Merging two existing indexes can be more efficient that indexing the data from scratch, and desired in some cases (such as merging ‘main’ and ‘delta’ indexes instead of simply reindexing ‘main’ in ‘main+delta’ partitioning scheme). So indexer has an option to do that. Merging the indexes is normally faster than reindexing but still not instant on huge indexes. Basically, it will need to read the contents of both indexes once and write the result once. Merging 100 GB and 1 GB index, for example, will result in 202 GB of IO (but that’s still likely less than the indexing from scratch requires).

So index merging can save you the database overhead (useful when your indexes consist of millions of rows), but will cost you on the I/O side.

In this cron tab example, we’ll merge our delta index into our main index once a week (midnight on Sunday):

00 00 * * 0 /usr/bin/indexer -c /etc/sphinx/sphinx.conf --rotate --merge idx_tkblog idx_delta_tkblog

Hint: you can also drop these cron commands into your /etc/cron.weekly or /etc/cron.daily folders.

Also…

  • Make sure your queries return unique IDs to Sphinx. You can easily test your query against your MySQL instance before putting it into Sphinx to make sure the results are expected.
  • Your query can be as complex or as simple as your application needs it to be. Sometimes you’ll need to use complex joins, the CAST function, the CONCAT and GROUP_CONCAT functions, and control flow functions like IF or CASE.
  • In a specific application we developed, setting morphology = none provided more accurate results than morphology = stem_enru. You can find out more about morphology in the Sphinx documentation. Be sure to test your searches and results to ensure the accuracy of your index.

About the Author
Sean O'Shaughnessy is the Systems Administrator for our Voce Connect Platforms team. He ensures the platforms team has access to an efficient development environment and that all production environments for clients are running smoothly. Follow Sean on Twitter @seanosh.

Filed in Development, Programming, Search, WordPress

Add Your Comment4 Responses to “Extending WordPress search with Sphinx (Part III)”

mrlemonade on December 5th, 2010 at 5:06 pm

hello,

im currently using your wordpress sphinx plugin, but is there any way to include sphinx search based on post content too not just only searching by post title?

thx.

Sean O'Shaughnessy on December 6th, 2010 at 11:23 am

@mrlemonade,

The configuration example above will search ‘post_title’ and ‘post_content’. You can have Sphinx index anything you can write a MySQL query for (for example if you needed to pull in tags/categories or user information).

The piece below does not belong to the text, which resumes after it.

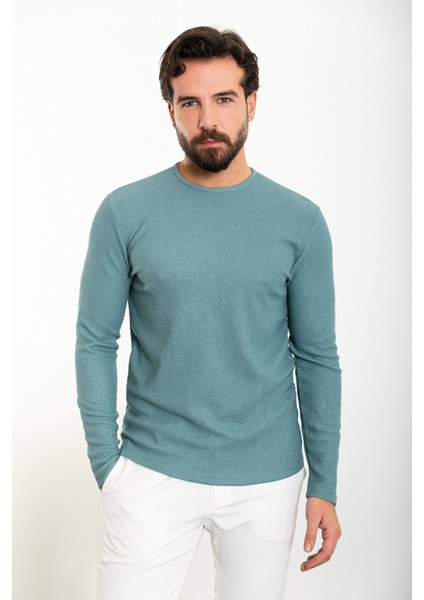 PENYE BİSİKLET YAKA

Joe on January 5th, 2011 at 1:57 am

Do you have a mysql query that can fetch a post’s title, content and tags? I’m having a bit of trouble with the last one, tags, since you need joins etc.

edtechre on January 9th, 2011 at 8:07 pm

I’m confused about something here. Why is an index merge necessary if main and delta get reindexed already? Wouldn’t the rebuilt main index already contain changes from the delta index?